Opinião: O ex-marido faleceu, e ela diz que é herdeira dele

Maria Lucia de Oliveira Andrade (de Formiga/MG)

Opinião: O ex-marido faleceu, e ela diz que é herdeira dele
Maria Lucia de Oliveira Andrade é advogada




Quando inicio minha conversa com ele e com ela, expresso meu sentimento de pesar pelo falecimento do irmão deles, ocorrido há cerca de vinte dias. Homem que ainda não completara quarenta anos, era forte e cheio de energia. As circunstâncias em que falecera haviam chocado a cidade. Ao tentar corrigir um defeito em uma colheitadeira de café na sua fazenda, escorregou e caiu dentro do funil da máquina. Sua roupa ficou presa, o que causou seu enforcamento.

Os dois me relatam que a família está desolada. Desde que os pais deles faleceram, esse irmão, por ser o mais velho e o mais presente, tornara-se um amparo para todos. Ajudava-os financeiramente, como também os orientava, aconselhava-os e lhes prestava apoio nos momentos difíceis. Está fazendo – e continuará fazendo – muita falta.

Contam-me que a ex-mulher desse irmão se habilitou como herdeira no inventário. Estão confusos. Se o irmão já era separado dela, por que ela está achando que herdará os bens dele? Querem entender melhor esse assunto, antes de decidirem o que fazer.

Pergunto-lhes se o irmão falecido era separado ou divorciado, e, se era apenas separado, há quanto tempo o era.

Respondem que ele era separado há um ano e meio. A ex-mulher o deixara depois de ter descoberto um casinho extraconjugal que ele teve na fazenda e após receber um não ao ultimato que ela lhe dera para se mudarem para a cidade.

O casamento durara apenas três anos. Na opinião deles, irmãos, a principal causa foram as discussões desgastantes geradas por interesses completamente diferentes. Ele, um homem que adorava viver no campo; ela, uma mulher com vocação para ser cidadã do mundo, que gostava de viajar e viver na cidade.

Antes do casamento, a família o alertou a respeito dessa diferença que saltava aos olhos, a qual poderia tornar difícil a vida a dois, mas ele pensou que, com o casamento, conseguiriam conciliar os interesses. Não conseguiram. Acreditam que o irmão logo tomaria as providências para formalizar a separação, pois tanto ele quanto ela viviam como se solteiros fossem. Porém, infelizmente, a morte chegou antes.
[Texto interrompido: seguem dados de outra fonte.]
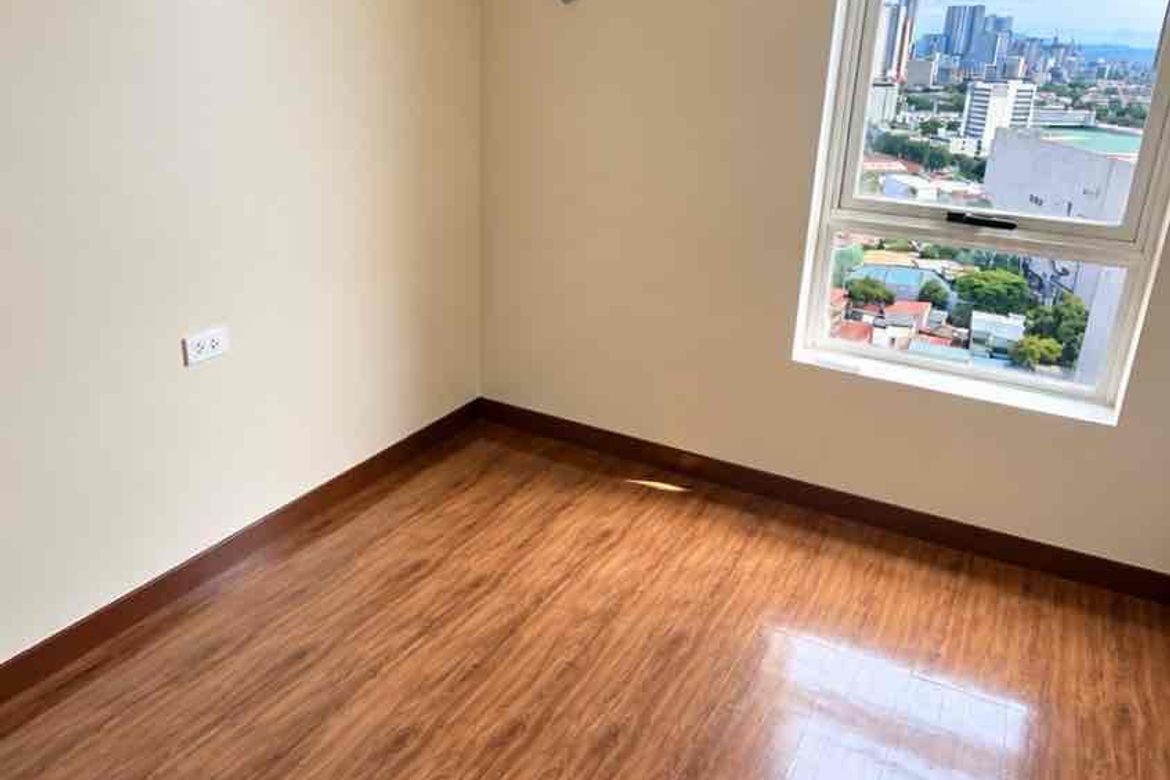 3 Bedroom Condo for Rent in Cameron Residences, Mariblo, Quezon City, Metro Manila photo 5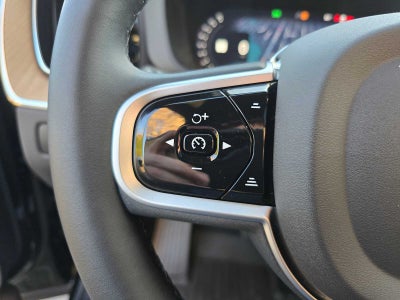 2026 Volvo XC60 Plug-In Hybrid Plus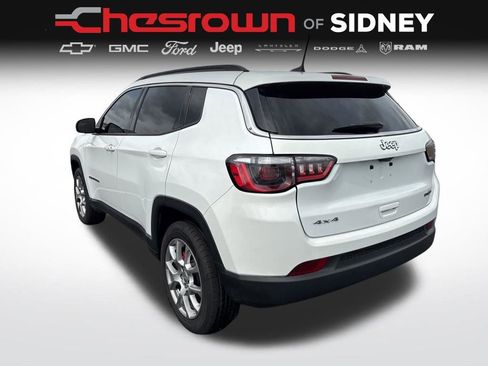 Used 2022 Jeep Compass Latitude w/ Sun and Sound Group image 3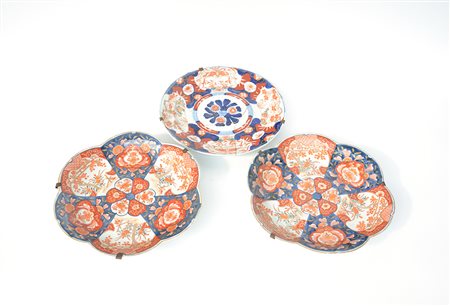 Tre piatti in porcellana Imari, due con bordo lobato, uno circolare (difetti)...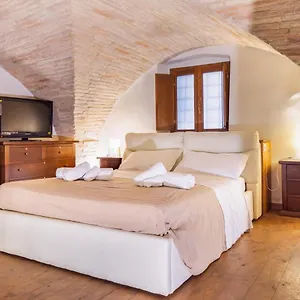 http://assisi-al-santuario.hotels-perugia.com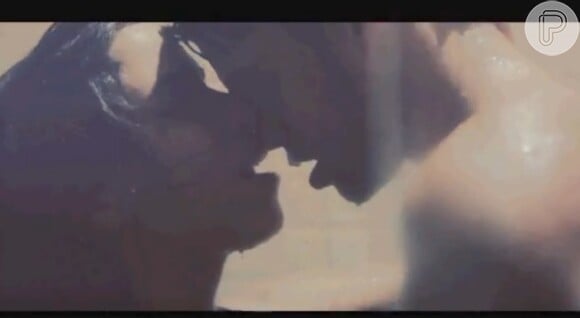 Anitta beija e namora o ator Victor Sparapane no clipe da música 'Zen'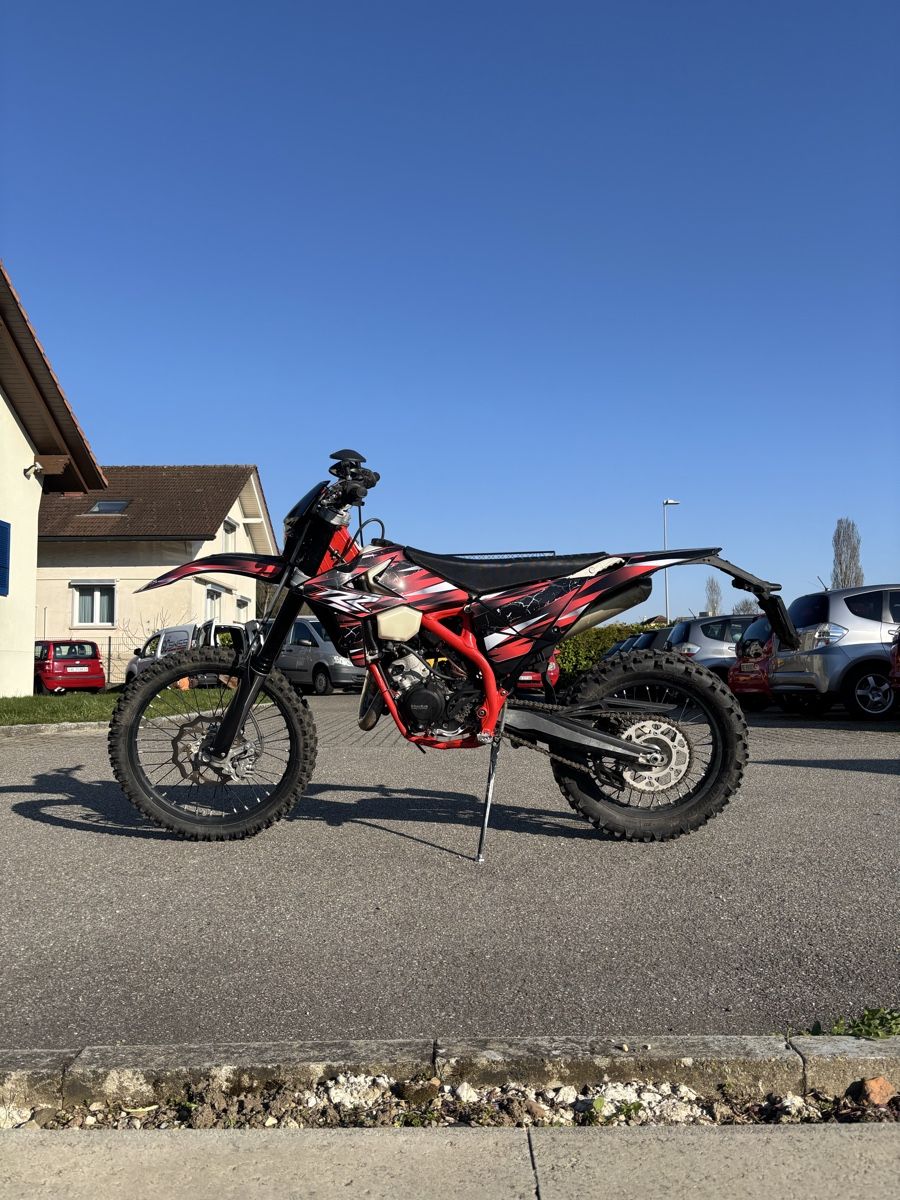 Beta Enduro: Beta RR 125 2020 – D'occasion à Bienne par GCSwissMotors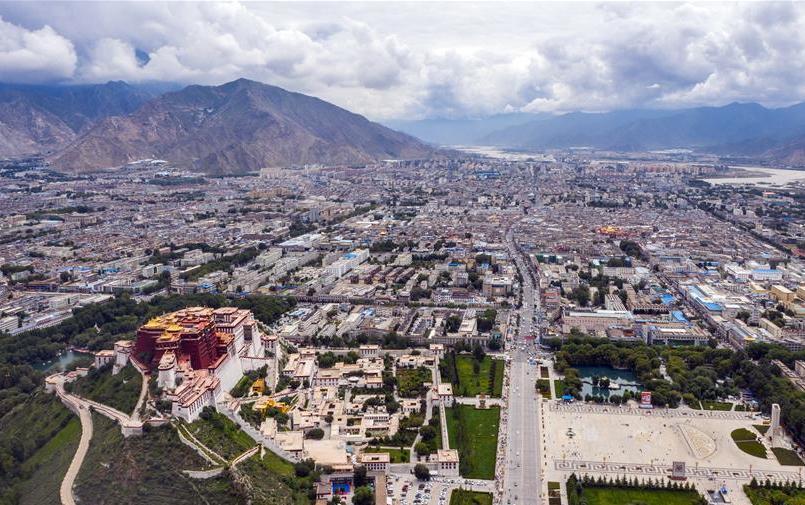 鳥瞰拉薩古城(8月10日無人機(jī)拍攝)。新華社記者 李鑫 攝.jpg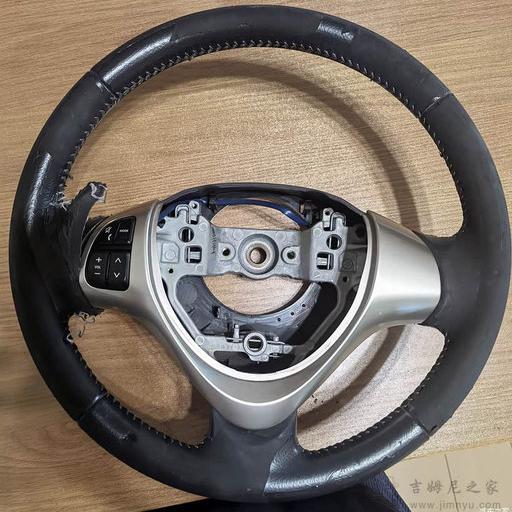 第三代吉姆尼（jb43)多功能方向盘拆卸与快拆改装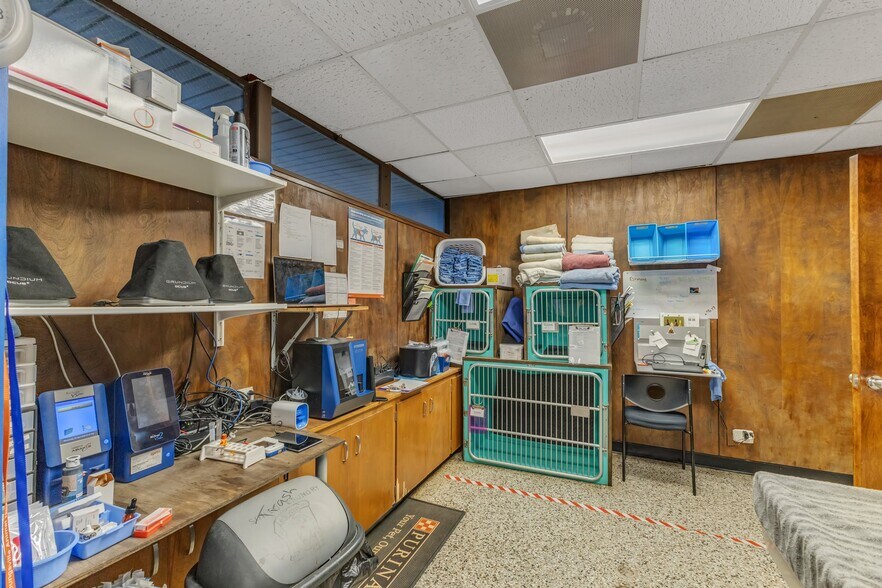 More Photos Of 141 E Main St, Youngsville Medical For Sale
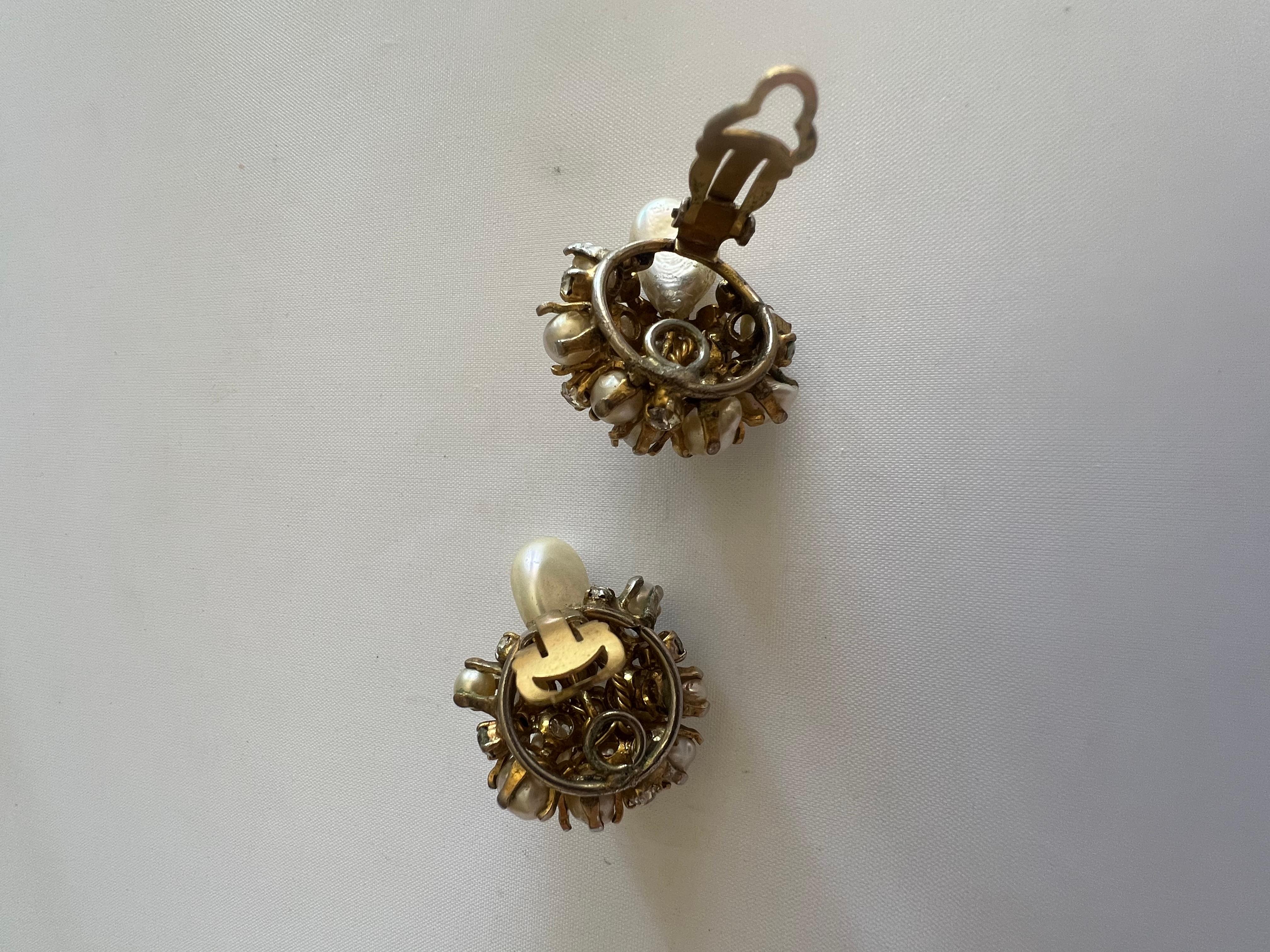 Women's Vintage Chanel Faux Pearl and Diamante Cluster Earrings For Sale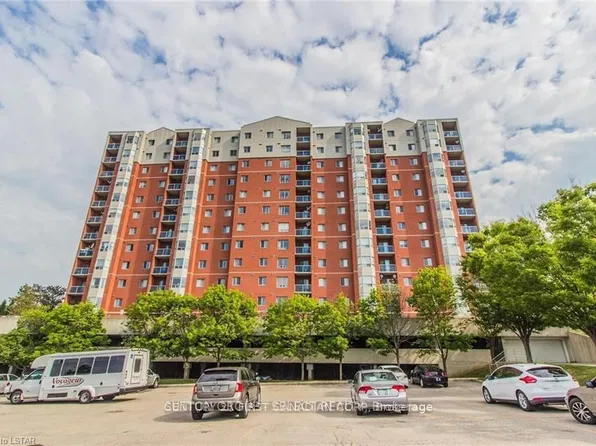 30 Chapman Ct, London, ON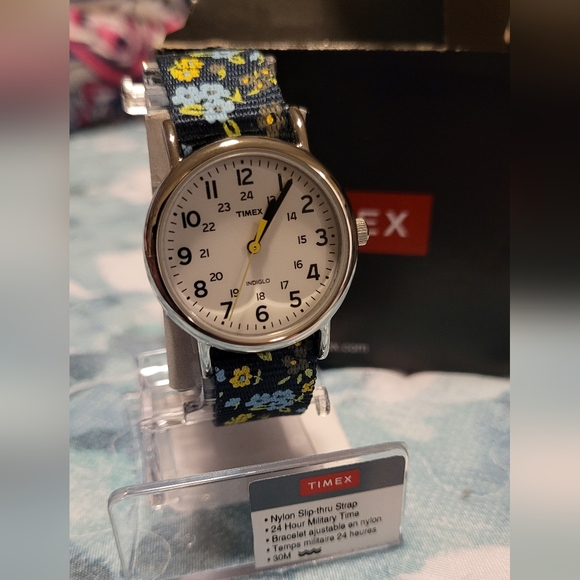 Timex Weekender watch - Picture 5 of 5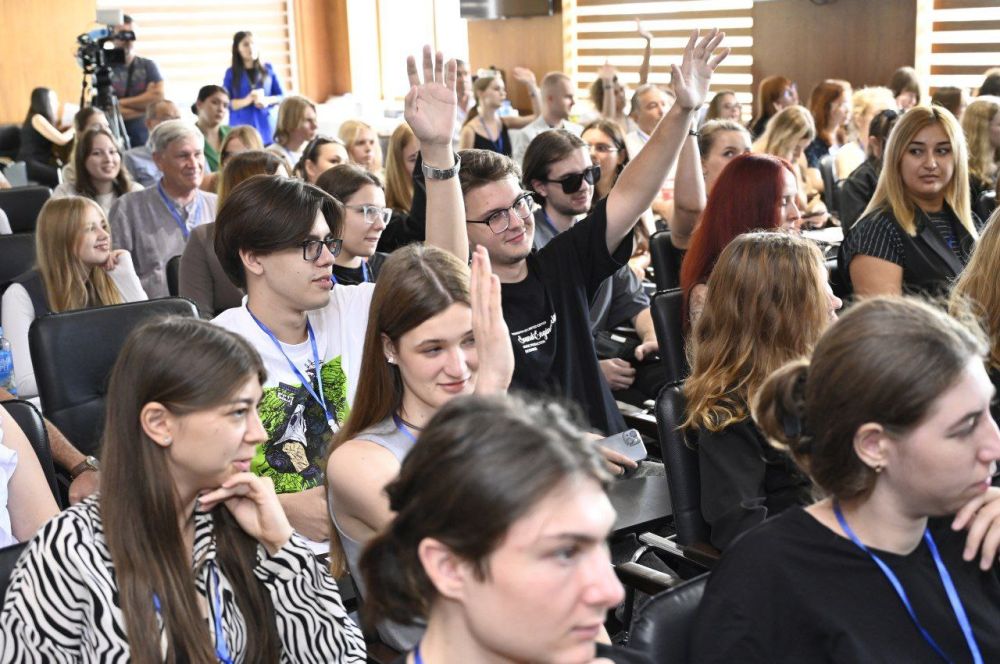 Межрегиональный форум Южного федерального округа «Практика СМИ в укреплении межнационального согласия» второй год объединяет на своей площадке делегации из числа представителей СМИ Астрахани, Воронежской, Ростовской, Херсонской областей и Севастополя Межрегиональный форум Южного федерального округа «Практика СМИ в укреплении межнационального согласия» второй год объединяет на своей площадке делегации из числа представителей СМИ Астрахани, Воронежской, Ростовской, Херсонской областей и Севастополя
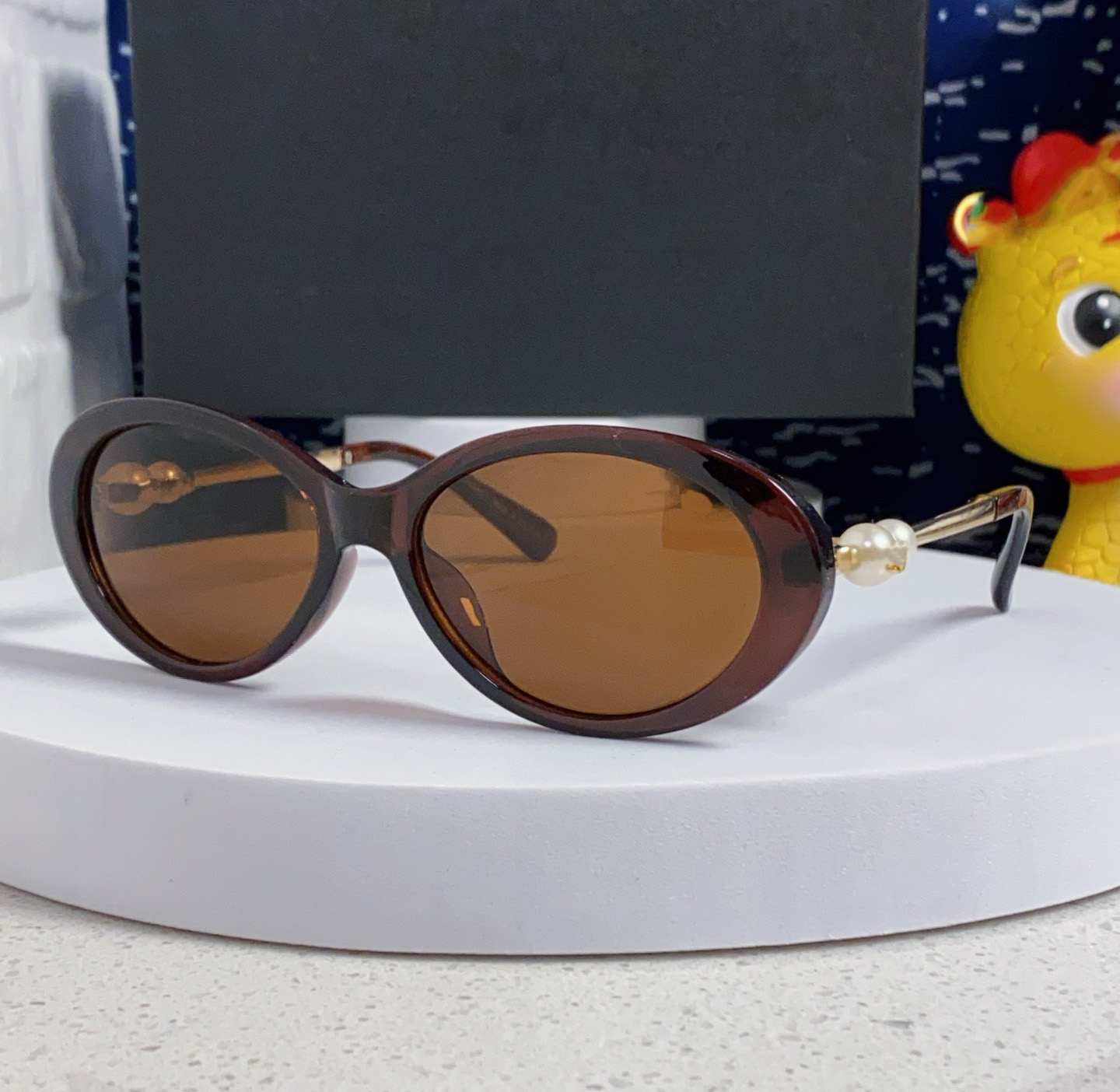 High Quality Luxury Polarized C Designer Sunglasses for Men and Women Stylish Sun-Blocking Perfect for Beach travel Vacations CCliness fgjhg54d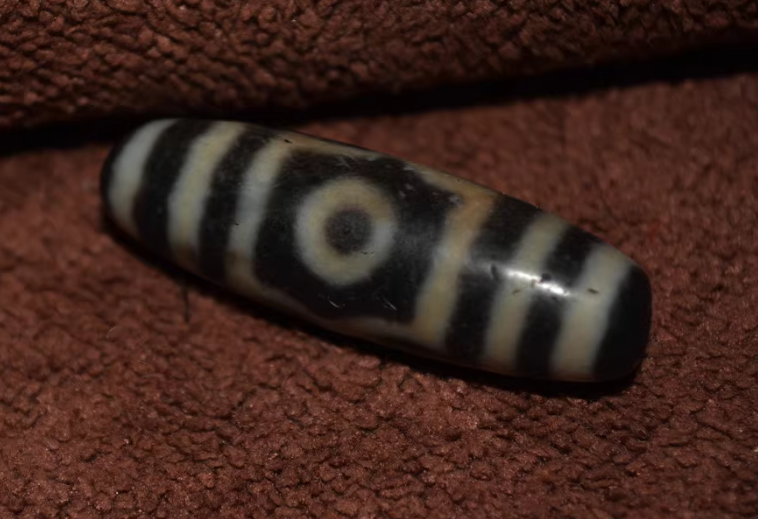 Real Himalayan Old Ancient Three Eyes Dzi Bead Pendant Talisman Tibet Amulet Agate Stone Pure 3 Eyed Gzi Bracelet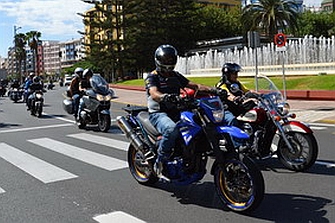 Las motos circularán por los carriles-guagua a partir de 2014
Explico a eles que a situação em que se encontrava o casal é chamada de separação de fato. Ocorre quando o casal se separa, mas não recorre aos meios legais para formalizar a separação. Deixa de viver como casado, mas permanece no estado civil de casado. Se o irmão e a mulher estavam separados de fato há menos de dois anos, ela é mesmo herdeira necessária dele. Herdeiros necessários são descendentes, ascendentes e cônjuge, os quais têm direito à parte legítima da herança.

Já me disseram que o irmão não deixou pais vivos. Pergunto se ele deixou filhos ou avós vivos, e se vivia em união estável com alguém. Eles me dizem que não. Como ele não teve filhos, não tem pais ou avós vivos nem tinha união estável com outra pessoa, a ex-cunhada deles será a herdeira da totalidade do patrimônio. É que o falecimento se deu antes que se completassem dois anos de separação de fato. Ela só não herdará a totalidade se ele tiver deixado um testamento, destinando a outras pessoas os 50% que não integram a parte legítima.

“Ele não deixou testamento. Nós, como irmãos, não temos direito a parte da herança?” – perguntam. Não têm. Os irmãos são herdeiros colaterais, e ocupam o quarto lugar na sucessão. Só têm direito à herança se o falecido não tiver descendentes, ascendentes nem cônjuge/companheiro.

Repito: como me expuseram, a separação de fato não completara dois anos quando o irmão deles faleceu. Nesse caso, a lei reconhece o direito da ex-mulher à herança deixada por ele.

Mesmo que, na data de falecimento, houvesse já, em andamento, um processo de divórcio, o estado civil ainda não teria mudado – a ex-cunhada seria considerada viúva e herdaria.

Esses são os aspectos que certamente a ex-cunhada trará à discussão, já que se habilitou no processo de inventário. Que saibam desde já.